La musique de MI3 conserve ainsi ce même fun et cette énergie du début jusqu’à la fin du film, les excitants ‘Hunting for Jules’ (avec son motif tournoyant hypnotisant et intrigant se baladant d’un instrument à un autre) et ‘World’s Worst Last 4 Minutes to Live’ venant nous conforter dans l’idée que nous avons à faire ici à un score d’action totalement maîtrisé et d’une incroyable intensité, tout à l’image du film de J.J. Abrams. La taille démesurée de l’orchestre utilisé par Michael Giacchino a sans aucun doute largement contribué à apporter une telle puissance et une telle intensité aux nombreux morceaux d’action du score de MI3, qui n’ont rien à envier aux meilleurs passages d’action de la BO de Danny Elfman pour le premier opus de Brian De Palma. Incontestablement, Giacchino semble avoir pris un malin plaisir à écrire cette grosse partition orchestrale démesurée pour la troisième aventure d’Ethan Hunt et son équipe de "Force Mission Impossible". Si l’ensemble demeure toujours sous influence et pas très original en soi, la musique possède quand même suffisamment de qualité pour se hisser au dessus des productions musicales habituelles pour ce type de film. Exit ici les traditionnels synthétiseurs et effets électro à la mode. Giacchino se sert de l’orchestre symphonique dans son intégralité, privilégiant tous les pupitres avec une aisance toujours systématique et un fun constant, qui transparaît assez bien dans le film même si on regrettera une fois encore un mixage musical peu généreux qui tend à noyer le score sous des tonnes d’effets sonores.
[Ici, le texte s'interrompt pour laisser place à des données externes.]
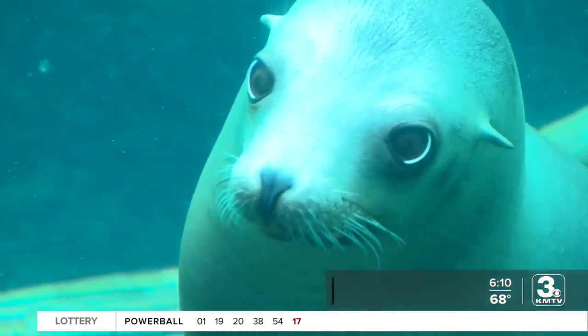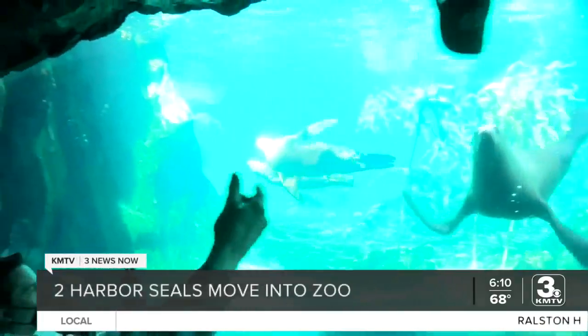There are two new faces at Omaha's Henry Doorly Zoo and Aquarium. Meet Milo and Monty, a pair of harbor seals that just joined the zoo family.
Vous l’aurez donc compris, MI3 impose une fois encore Michael Giacchino comme un jeune talent d’Hollywood qui, s’il n’a pas encore acquérit une personnalité musicale forte et indéniable, continue de mener son petit bonhomme de chemin dans une industrie cinématographique toujours en panne de talent. Il faut croire que ses participations aux films de J.J. Abrams ont un effet bénéfique sur l’inspiration de Giacchino qui nous prouve que les gros scores d’action orchestraux à l’ancienne sont loin d’être mort ! Heureusement que des compositeurs comme Michael Giacchino sont encore là pour continuer d’alimenter un style orchestral plus authentique et classique à la John Williams à Hollywood.